They really are efficient power wise, which is the true test for things like
this. I'm hitting towards nda things but needless to say keep an eye out for
gpu technology in supercomputers. As well as what that top 500 chinese
supercomputer has.

Note, its at the top mostly due to its accelerator cards. Most simulations
don't need those.

I know 60 mill seems like a lot but when it runs for 5 years it really isn't
that expensive. For a one off job sure go with aws, it'll take longer, but i'm
not kidding when you get down to the detail of the cpu architecture and keep
track of things like how cache misses affect a program.
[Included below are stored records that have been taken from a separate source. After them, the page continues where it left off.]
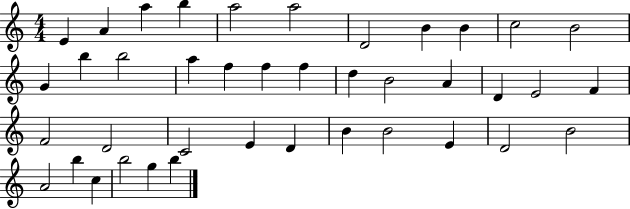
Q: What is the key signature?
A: C major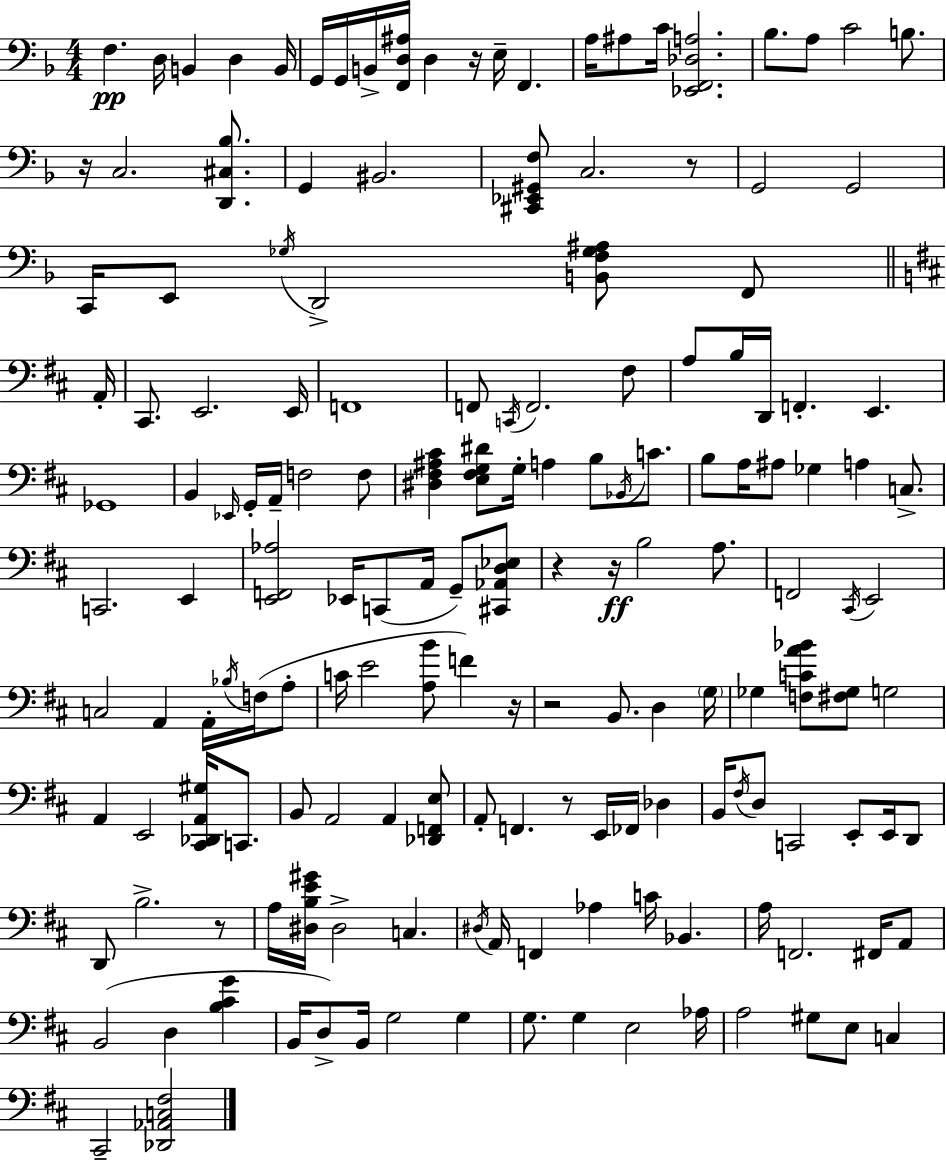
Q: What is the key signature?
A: F major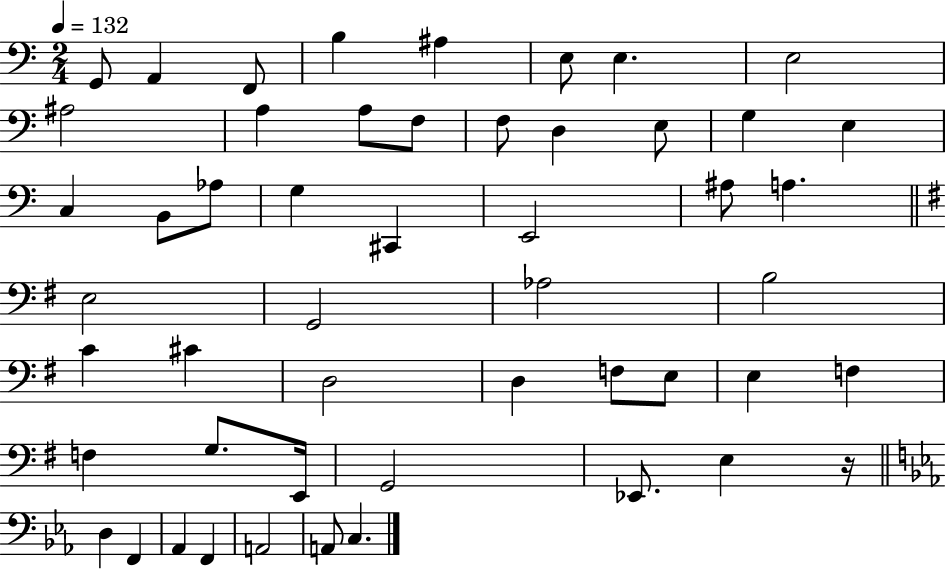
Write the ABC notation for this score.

X:1
T:Untitled
M:2/4
L:1/4
K:C
G,,/2 A,, F,,/2 B, ^A, E,/2 E, E,2 ^A,2 A, A,/2 F,/2 F,/2 D, E,/2 G, E, C, B,,/2 _A,/2 G, ^C,, E,,2 ^A,/2 A, E,2 G,,2 _A,2 B,2 C ^C D,2 D, F,/2 E,/2 E, F, F, G,/2 E,,/4 G,,2 _E,,/2 E, z/4 D, F,, _A,, F,, A,,2 A,,/2 C,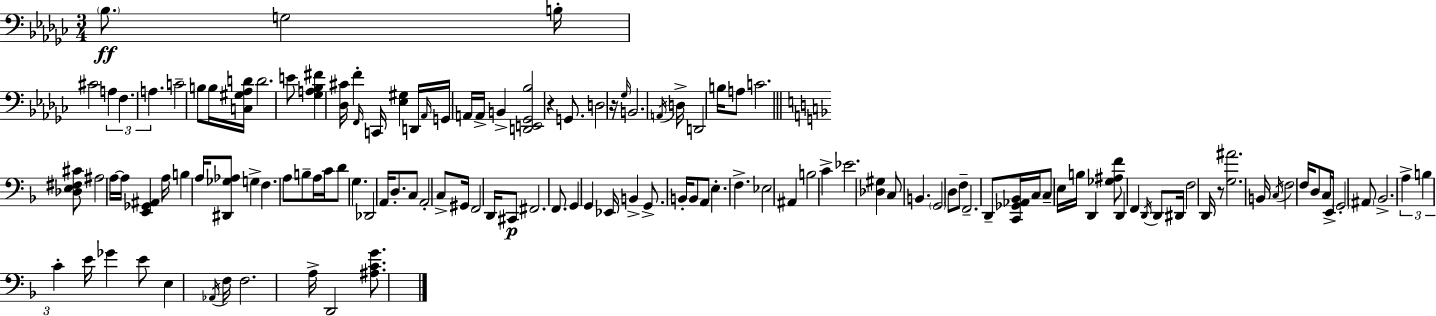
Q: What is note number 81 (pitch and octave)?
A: C3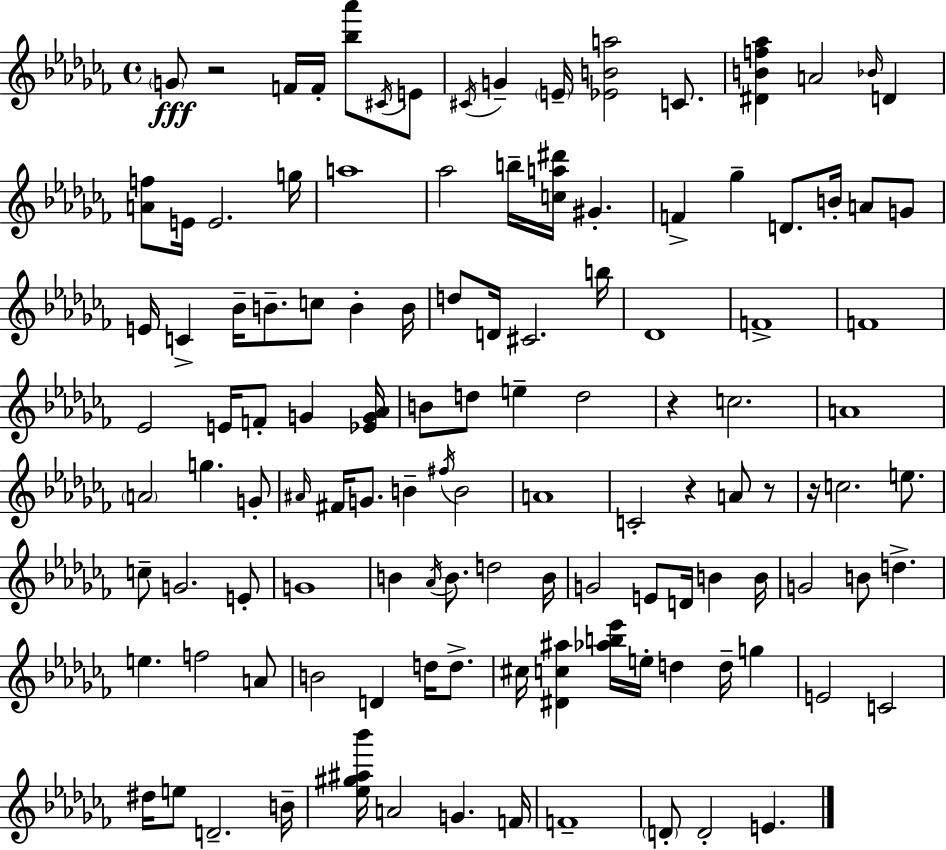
G4/e R/h F4/s F4/s [Bb5,Ab6]/e C#4/s E4/e C#4/s G4/q E4/s [Eb4,B4,A5]/h C4/e. [D#4,B4,F5,Ab5]/q A4/h Bb4/s D4/q [A4,F5]/e E4/s E4/h. G5/s A5/w Ab5/h B5/s [C5,A5,D#6]/s G#4/q. F4/q Gb5/q D4/e. B4/s A4/e G4/e E4/s C4/q Bb4/s B4/e. C5/e B4/q B4/s D5/e D4/s C#4/h. B5/s Db4/w F4/w F4/w Eb4/h E4/s F4/e G4/q [Eb4,G4,Ab4]/s B4/e D5/e E5/q D5/h R/q C5/h. A4/w A4/h G5/q. G4/e A#4/s F#4/s G4/e. B4/q F#5/s B4/h A4/w C4/h R/q A4/e R/e R/s C5/h. E5/e. C5/e G4/h. E4/e G4/w B4/q Ab4/s B4/e. D5/h B4/s G4/h E4/e D4/s B4/q B4/s G4/h B4/e D5/q. E5/q. F5/h A4/e B4/h D4/q D5/s D5/e. C#5/s [D#4,C5,A#5]/q [Ab5,B5,Eb6]/s E5/s D5/q D5/s G5/q E4/h C4/h D#5/s E5/e D4/h. B4/s [Eb5,G#5,A#5,Bb6]/s A4/h G4/q. F4/s F4/w D4/e D4/h E4/q.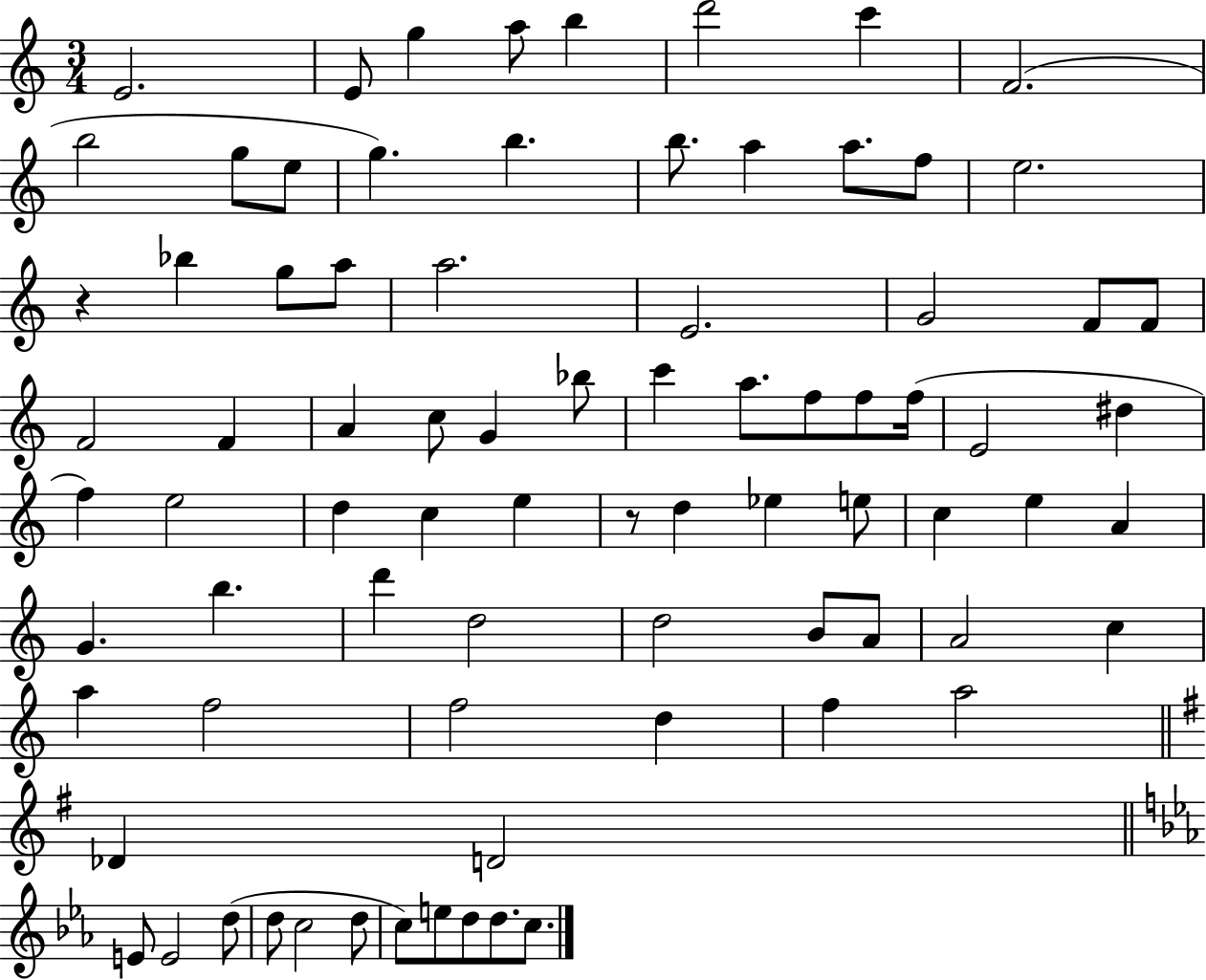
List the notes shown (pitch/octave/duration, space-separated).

It really is night and day difference in how things run. The avx comment is
not a joke, reducing even cpu cost by 5% over months is a huge deal. These are
just a few of the differences in how supercomputers operate. It is far less to
do with the cpu and memory and more how they communicate amongst themselves.
One node may compute a value, but another adjacent node then takes on that
output to calculate more. This is the key differentiator, and if you aren't
compiling fortran (not joking), its likely its not a very great simulation.

If you'd like to know more, i'd recommend getting a job at a supercomputer
company. They've solved a lot of the overall cluster problems aws has many
years ago. And it is really fun stuff where details matter. Something I can't
say about most aws deployments. PS: I'm working on something that will make
Titan look like a kid. :) Every 2-3 years this stuff gets pushed aside its
fun.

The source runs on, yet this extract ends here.